As the security situation improves, our local staff seems increasingly hungry for action, volunteering to dash out all over the place. Our translator's love of books made him the natural choice to go and check the pulse of Baghdad's legendary Al Mutanabi book market (the area is still not safe enough for Western TV crews to wander around).
Book market – intellectual heart of the city
The book market has always been a favorite for international TV crews. In Saddam's days, it was the place of choice for thoughtful interviews and good English.While there, we'd often rummage through the fascinating array of new and second hand books.
Sometimes, amid the stock-in-trade Iraqi government propaganda, we'd come across a favorite old out-of-print paperback or a must have memento, like an elegantly illustrated book of Arab love poetry that I found one day.
|AFP - Getty Images|
|The formerly lively Al Mutanabi book market seen here in May 2006.|
After the fall of Saddam, the book market became a perfect place to test the ever-changing mood of the city. We would marvel at the quirky mix of all the new titles flooding in along with the technicolor posters of revered Shiite leaders, forbidden under the old regime.
But the insurgent attack on the book market in March that killed 38 people really ripped the heart out of Baghdad's intellectual and artistic soul.
Our translator had been there the week before and returned like a person transformed.
"I've had conversations there I haven't been able to have for years. It's just so free. It's brilliant," he beamed.
By the time he returned from the shoot, seven hours after we'd sent him out with a camera crew, our translator was so excited I decided not to ask what on earth he'd been doing all that time. Instead, I inquired about the pile of books now on his desk.
A flood of memories
"I bought two novels about dictatorship and torture in prisons in the Middle East and some other books on extremism and the changing political face of Iraq," he replied. Harry Potter was clearly not for him.

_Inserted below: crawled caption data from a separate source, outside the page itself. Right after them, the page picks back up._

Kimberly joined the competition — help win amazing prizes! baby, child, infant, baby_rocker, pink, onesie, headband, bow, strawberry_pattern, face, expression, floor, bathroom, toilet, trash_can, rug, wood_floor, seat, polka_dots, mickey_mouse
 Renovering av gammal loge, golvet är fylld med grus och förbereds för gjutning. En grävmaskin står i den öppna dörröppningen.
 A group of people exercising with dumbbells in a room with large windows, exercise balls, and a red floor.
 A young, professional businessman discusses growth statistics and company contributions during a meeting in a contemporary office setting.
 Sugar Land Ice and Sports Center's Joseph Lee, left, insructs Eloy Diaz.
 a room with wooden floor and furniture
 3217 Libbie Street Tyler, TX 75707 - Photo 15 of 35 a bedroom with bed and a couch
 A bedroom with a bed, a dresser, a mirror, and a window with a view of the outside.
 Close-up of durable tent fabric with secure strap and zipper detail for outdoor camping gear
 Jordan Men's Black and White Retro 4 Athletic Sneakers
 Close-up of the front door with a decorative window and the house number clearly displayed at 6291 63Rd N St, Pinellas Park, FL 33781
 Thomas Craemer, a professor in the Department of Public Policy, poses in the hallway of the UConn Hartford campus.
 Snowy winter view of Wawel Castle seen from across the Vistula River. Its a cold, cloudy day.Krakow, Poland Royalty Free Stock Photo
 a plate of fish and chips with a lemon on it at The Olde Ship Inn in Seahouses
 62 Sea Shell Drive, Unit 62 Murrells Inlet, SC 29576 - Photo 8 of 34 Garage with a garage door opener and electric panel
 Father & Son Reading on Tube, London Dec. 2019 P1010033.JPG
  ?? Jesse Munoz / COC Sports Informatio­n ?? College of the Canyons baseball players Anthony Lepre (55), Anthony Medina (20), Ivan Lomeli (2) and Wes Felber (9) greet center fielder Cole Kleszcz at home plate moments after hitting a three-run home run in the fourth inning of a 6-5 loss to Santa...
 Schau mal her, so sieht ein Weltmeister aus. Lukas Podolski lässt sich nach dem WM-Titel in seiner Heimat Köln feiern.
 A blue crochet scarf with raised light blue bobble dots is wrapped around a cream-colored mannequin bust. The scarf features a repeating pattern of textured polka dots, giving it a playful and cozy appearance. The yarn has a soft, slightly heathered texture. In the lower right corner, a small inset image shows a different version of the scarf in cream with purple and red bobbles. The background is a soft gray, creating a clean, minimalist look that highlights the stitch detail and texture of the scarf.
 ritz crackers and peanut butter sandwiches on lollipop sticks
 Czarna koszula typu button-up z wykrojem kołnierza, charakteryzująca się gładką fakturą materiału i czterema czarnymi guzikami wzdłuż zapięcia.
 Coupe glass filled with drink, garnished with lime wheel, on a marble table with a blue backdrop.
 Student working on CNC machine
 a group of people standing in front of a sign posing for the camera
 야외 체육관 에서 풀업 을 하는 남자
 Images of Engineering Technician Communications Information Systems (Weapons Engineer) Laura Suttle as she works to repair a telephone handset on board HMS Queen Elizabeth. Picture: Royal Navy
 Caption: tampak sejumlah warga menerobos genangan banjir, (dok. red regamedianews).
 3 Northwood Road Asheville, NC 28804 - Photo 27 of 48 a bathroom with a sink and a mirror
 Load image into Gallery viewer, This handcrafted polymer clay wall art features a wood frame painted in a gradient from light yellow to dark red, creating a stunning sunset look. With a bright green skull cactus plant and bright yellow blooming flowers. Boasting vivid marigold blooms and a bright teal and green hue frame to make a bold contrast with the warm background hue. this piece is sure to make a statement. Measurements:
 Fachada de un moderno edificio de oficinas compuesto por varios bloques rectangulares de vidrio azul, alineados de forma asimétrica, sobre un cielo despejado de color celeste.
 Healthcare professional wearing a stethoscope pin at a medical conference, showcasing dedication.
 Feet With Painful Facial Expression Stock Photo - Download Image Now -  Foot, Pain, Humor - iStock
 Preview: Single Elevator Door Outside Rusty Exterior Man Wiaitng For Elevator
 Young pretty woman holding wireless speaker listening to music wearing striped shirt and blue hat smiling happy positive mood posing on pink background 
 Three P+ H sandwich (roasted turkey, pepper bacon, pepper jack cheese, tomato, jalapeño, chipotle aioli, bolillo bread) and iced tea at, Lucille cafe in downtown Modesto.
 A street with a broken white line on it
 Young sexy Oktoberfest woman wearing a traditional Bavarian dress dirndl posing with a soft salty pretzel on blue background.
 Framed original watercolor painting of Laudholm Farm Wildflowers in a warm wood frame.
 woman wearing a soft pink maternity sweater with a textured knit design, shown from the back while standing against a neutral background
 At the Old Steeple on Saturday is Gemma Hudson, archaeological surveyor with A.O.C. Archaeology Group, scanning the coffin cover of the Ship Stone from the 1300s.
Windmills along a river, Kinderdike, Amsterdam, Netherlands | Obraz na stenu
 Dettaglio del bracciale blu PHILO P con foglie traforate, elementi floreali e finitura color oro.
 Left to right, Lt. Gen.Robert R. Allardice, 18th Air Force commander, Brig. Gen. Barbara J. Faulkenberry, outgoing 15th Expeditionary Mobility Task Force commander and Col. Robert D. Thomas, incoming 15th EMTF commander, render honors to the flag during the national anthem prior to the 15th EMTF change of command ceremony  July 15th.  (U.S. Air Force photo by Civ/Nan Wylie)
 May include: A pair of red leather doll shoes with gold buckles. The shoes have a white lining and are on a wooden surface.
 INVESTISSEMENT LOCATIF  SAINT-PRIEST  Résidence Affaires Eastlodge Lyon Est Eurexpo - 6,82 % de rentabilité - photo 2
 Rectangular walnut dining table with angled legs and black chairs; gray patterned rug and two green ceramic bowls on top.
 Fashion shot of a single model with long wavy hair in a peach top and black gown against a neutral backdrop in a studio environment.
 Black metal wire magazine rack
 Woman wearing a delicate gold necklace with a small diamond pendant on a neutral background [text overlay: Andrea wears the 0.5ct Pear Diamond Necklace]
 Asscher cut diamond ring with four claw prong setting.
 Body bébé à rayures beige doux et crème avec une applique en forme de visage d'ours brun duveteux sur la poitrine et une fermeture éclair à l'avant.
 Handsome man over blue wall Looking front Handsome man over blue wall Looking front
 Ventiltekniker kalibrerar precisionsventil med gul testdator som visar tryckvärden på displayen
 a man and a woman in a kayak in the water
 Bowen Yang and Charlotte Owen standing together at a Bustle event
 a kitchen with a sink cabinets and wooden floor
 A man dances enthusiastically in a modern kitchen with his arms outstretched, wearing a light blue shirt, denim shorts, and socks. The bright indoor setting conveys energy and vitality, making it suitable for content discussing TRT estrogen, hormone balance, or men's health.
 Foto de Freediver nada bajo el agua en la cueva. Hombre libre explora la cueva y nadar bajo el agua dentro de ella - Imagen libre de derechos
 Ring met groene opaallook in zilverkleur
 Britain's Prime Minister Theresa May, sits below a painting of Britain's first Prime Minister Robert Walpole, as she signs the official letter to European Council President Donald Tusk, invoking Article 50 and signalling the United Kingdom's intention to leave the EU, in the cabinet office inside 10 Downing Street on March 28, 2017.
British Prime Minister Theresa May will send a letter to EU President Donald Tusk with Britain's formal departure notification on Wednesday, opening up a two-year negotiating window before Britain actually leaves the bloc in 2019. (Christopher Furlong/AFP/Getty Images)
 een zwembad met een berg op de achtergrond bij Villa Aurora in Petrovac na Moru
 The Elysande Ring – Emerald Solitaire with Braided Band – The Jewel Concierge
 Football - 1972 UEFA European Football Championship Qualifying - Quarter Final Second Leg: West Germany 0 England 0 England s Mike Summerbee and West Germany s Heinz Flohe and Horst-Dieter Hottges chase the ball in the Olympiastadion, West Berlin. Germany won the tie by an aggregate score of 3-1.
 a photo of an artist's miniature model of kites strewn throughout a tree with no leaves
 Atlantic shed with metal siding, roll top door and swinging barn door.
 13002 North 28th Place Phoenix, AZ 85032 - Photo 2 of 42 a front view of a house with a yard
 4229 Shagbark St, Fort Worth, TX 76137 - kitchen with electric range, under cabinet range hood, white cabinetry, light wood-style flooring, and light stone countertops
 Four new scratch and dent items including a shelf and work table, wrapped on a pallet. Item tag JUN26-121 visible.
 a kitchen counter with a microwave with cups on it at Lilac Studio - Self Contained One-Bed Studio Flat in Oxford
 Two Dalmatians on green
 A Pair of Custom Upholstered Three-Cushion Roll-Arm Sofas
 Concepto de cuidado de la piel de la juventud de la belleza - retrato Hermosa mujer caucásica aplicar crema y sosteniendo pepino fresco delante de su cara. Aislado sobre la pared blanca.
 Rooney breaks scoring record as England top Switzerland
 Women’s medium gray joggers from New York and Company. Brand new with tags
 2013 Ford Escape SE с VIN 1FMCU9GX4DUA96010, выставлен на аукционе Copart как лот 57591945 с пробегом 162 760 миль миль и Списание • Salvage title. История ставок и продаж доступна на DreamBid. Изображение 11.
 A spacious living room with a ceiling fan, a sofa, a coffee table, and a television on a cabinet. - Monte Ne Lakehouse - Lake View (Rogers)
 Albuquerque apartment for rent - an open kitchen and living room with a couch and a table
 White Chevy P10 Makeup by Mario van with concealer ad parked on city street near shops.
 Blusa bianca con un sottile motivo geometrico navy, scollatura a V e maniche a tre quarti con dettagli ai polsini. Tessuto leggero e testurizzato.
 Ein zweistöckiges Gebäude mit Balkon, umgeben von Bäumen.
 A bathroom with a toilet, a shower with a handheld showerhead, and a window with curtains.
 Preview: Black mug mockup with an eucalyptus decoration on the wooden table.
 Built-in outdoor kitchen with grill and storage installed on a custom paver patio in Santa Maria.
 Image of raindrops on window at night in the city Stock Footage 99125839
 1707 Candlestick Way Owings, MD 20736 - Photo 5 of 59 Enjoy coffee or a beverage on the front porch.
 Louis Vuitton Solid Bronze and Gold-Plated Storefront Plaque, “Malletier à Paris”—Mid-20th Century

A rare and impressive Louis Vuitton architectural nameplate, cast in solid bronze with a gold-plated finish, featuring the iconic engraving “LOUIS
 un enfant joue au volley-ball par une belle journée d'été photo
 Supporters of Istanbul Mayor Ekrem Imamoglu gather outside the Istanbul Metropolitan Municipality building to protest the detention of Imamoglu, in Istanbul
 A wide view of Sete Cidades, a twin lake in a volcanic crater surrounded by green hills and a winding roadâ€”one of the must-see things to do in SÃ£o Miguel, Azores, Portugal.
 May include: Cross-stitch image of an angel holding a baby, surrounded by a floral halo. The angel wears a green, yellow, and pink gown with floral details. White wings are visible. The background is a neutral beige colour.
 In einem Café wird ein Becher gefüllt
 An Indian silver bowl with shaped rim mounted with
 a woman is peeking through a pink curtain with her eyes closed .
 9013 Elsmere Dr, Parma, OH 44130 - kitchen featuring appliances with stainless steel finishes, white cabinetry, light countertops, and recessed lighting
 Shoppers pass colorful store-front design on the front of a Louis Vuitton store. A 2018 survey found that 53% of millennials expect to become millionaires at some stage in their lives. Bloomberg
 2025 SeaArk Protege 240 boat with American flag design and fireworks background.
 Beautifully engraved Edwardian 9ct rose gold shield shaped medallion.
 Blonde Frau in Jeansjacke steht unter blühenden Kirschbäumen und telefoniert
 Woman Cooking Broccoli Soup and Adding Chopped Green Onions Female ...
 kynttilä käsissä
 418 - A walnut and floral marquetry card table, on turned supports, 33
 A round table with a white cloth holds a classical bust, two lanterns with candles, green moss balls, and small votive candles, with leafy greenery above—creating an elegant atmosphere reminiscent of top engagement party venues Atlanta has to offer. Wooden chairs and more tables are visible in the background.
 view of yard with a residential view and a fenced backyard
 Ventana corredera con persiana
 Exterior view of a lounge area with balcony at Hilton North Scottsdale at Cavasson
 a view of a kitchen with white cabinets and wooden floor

"The novels on torture are exactly the same ones I read after I was released from prison back in 1993, when I was only 17 years old," he said. "I found it really comforting back then to read how other people had been through the same thing as I had."
We'd never spoken about this before.
"So you were imprisoned and tortured?" I asked, tentatively.
"Oh yes, there were five of us who were arrested for a so-called coup against the government. It wasn't true of course. We were all kept in a dark, damp room dressed only in our underwear and chained to the wall. We were beaten regularly with thick cables, which hurt like hell, but don't leave scars."
Our translator says his friends didn't survive captivity – one committed suicide and the rest were hanged years after being arrested. He said that his friend's families only learned their fate when Iraqi authorities sent them a letter and asked them to pay for the rope they were hanged with.
"I was really lucky, though, and was released three weeks [after being arrested]. To this day, I still don't know why," he said.
He said he's suffered from the trauma of the experience, as well as survivor's guilt.
"I've tried and tried to write about it, but just can't," he said. "Yet books have been my escape."
Judging from the popularity of the long revered book market and the push to bring it back to life, it seems he is not alone and that many Iraqis look to books as an escape from the harsh reality of life.
* The names of local journalists are not used to protect their identity.